__PROBLEM TO SOLVE__
Word for word, please restate the line that contains "Emma Bell در" and all lines after it through the end of the material, minus the pictures.

__SUPPLIED MATERIAL__

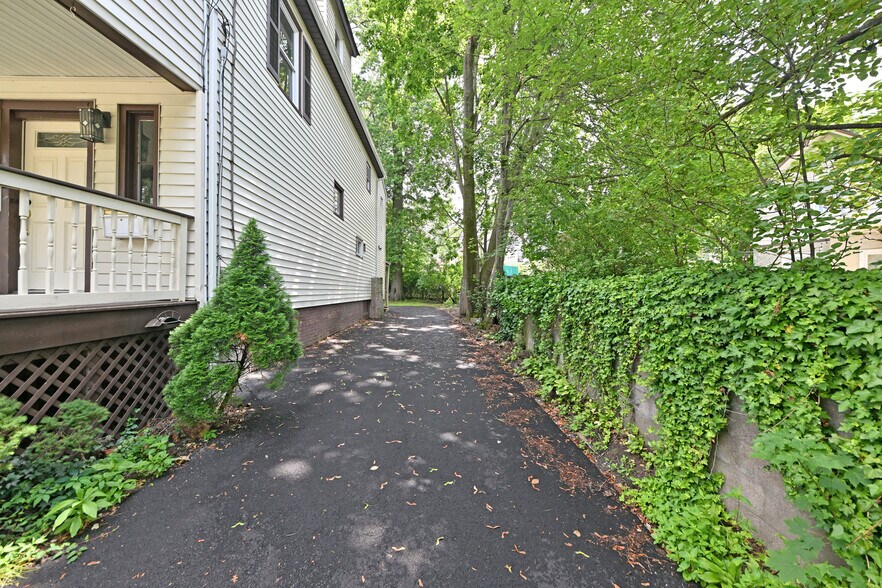 Building Photo - 32 Brainard Pl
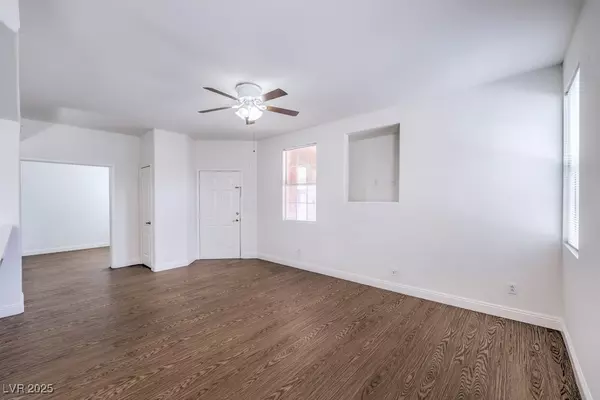 Las Vegas, NV 89128,7721 Constanso AVE #104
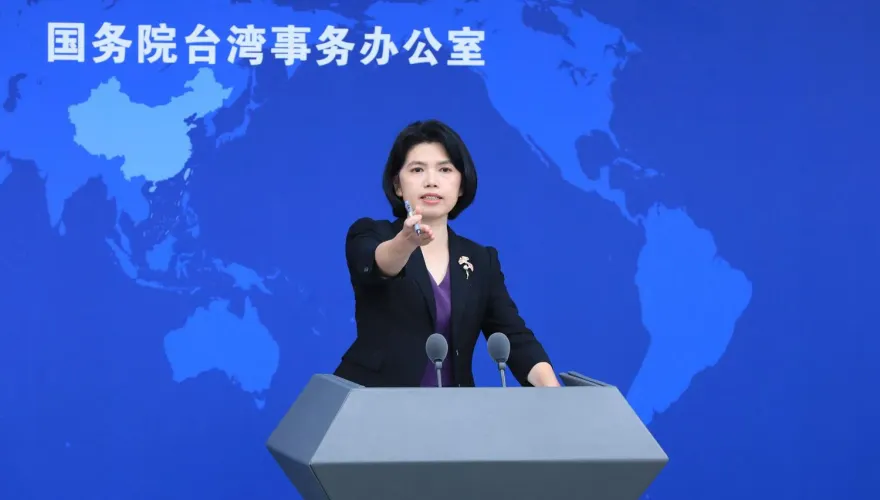 漁船翻覆炎上！陸國台辦砲轟管碧玲「極為冷血」　傳本尊FB帳號顯示：觀看直播中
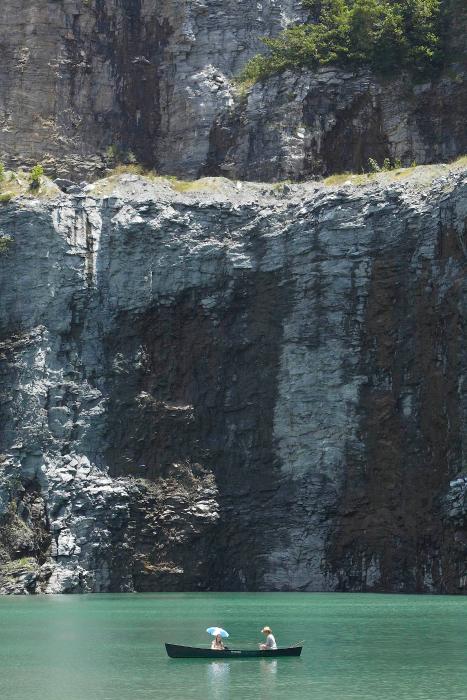 Emma Bell در صحنه سریال تلویزیونی مردگان متحرک به همراه Laurie Holden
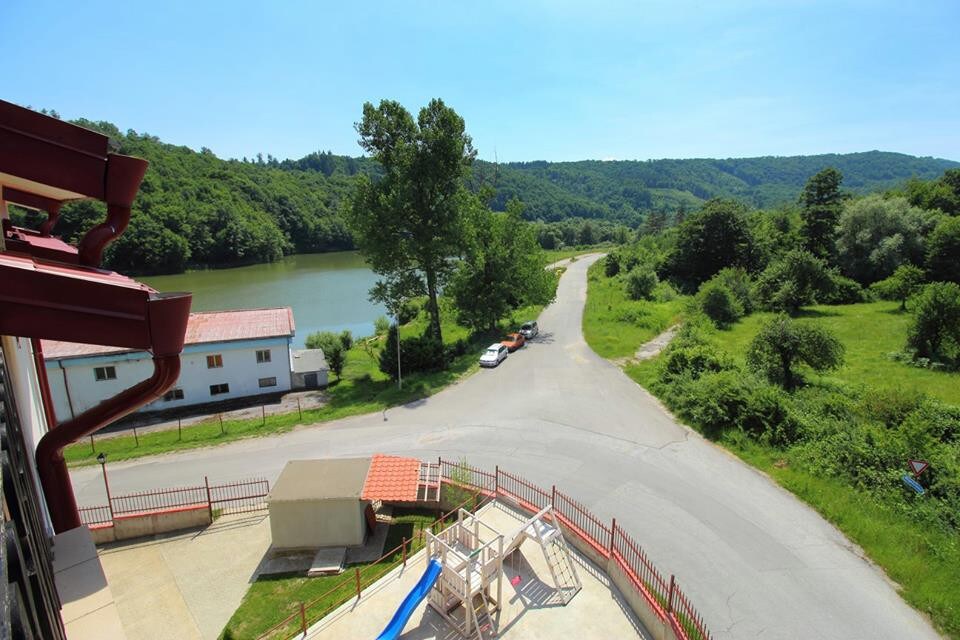 Tryavna Lake Apartment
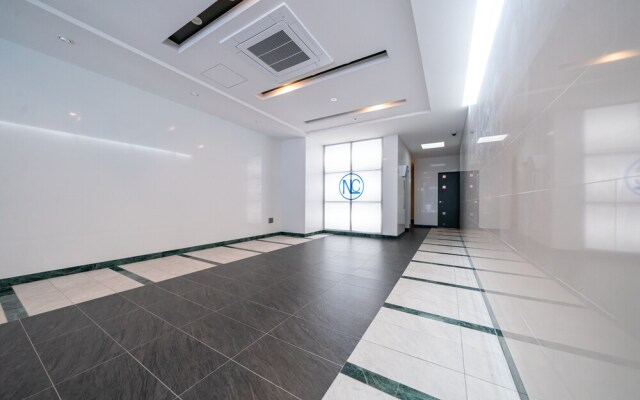 Grandouce Higashi-Shinsaibashi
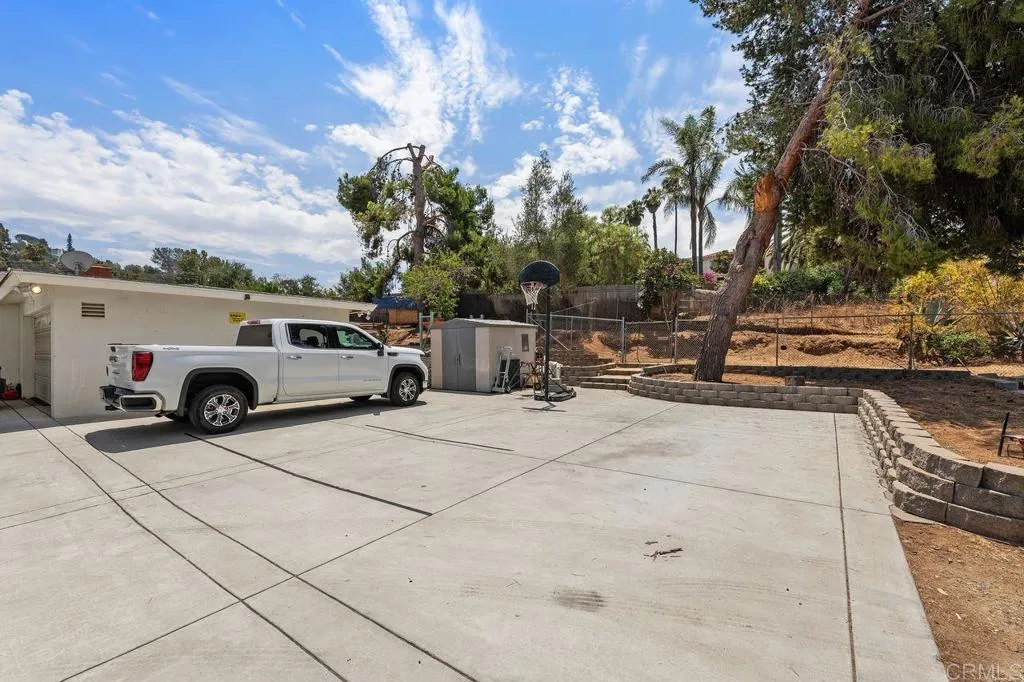 https://cdn.realtyfeed.com/cdn/127/306787861/96aeb6e8e5f8453ce1ed4b50132bdb35.webp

__FINISHED TASK__
 Emma Bell در صحنه سریال تلویزیونی مردگان متحرک به همراه Laurie Holden
 Tryavna Lake Apartment
 Grandouce Higashi-Shinsaibashi
 https://cdn.realtyfeed.com/cdn/127/306787861/96aeb6e8e5f8453ce1ed4b50132bdb35.webp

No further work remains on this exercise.